Numerical simulations, based on the core-nucleated accretion model, are presented for the formation of Jupiter at 5.2 AU in three primordial disks with three different assumed values of the surface density of solid particles. The grain opacities in the envelope of the protoplanet are computed using a detailed model that includes settling and coagulation of grains and that incorporates a recalculation of the grain size distribution at each point in time and space.
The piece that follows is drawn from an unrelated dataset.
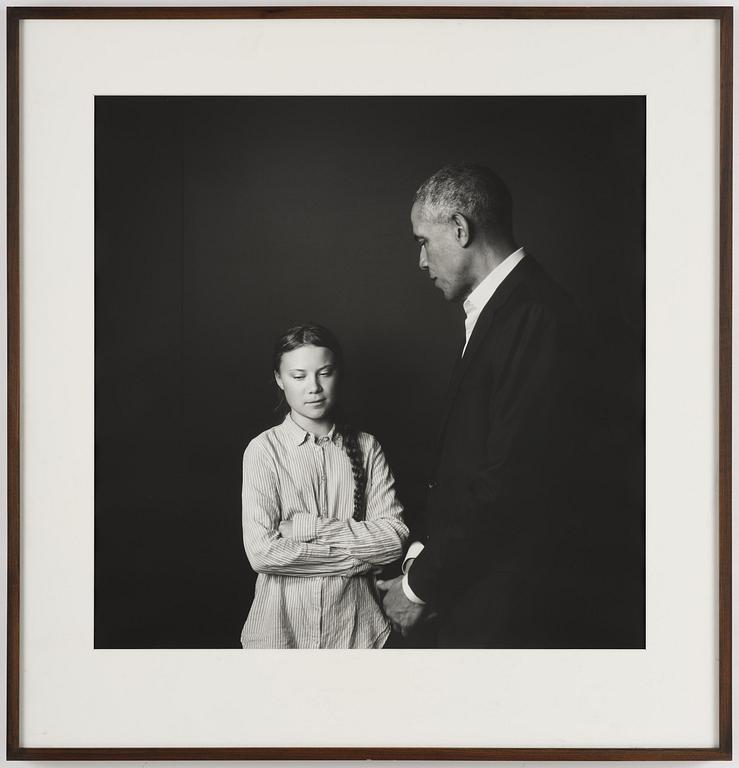 Max Modén, "Greta Thunberg and Barack Obama at the Grand Hotel", 2019.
We generally find lower opacities than the 2% of interstellar values used in previous calculations (Hubickyj, O., Bodenheimer, P., Lissauer, J.J. [2005]. Icarus 179, 415–431; Lissauer, J.J., Hubickyj, O., D’Angelo, G., Bodenheimer, P. [2009]. Icarus 199, 338–350). These lower opacities result in more rapid heat loss from and more rapid contraction of the protoplanetary envelope. For a given surface density of solids, the new calculations result in a substantial speedup in formation time as compared with those previous calculations. Formation times are calculated to be 1.0, 1.9, and 4.0 Myr, and solid core masses are found to be 16.8, 8.9, and 4.7 M ⊕, for solid surface densities, σ, of 10, 6, and 4 g cm −2, respectively. For σ = 10 and σ = 6 g cm −2, respectively, these formation times are reduced by more than 50% and more than 80% compared with those in a previously published calculation with the old approximation to the opacity.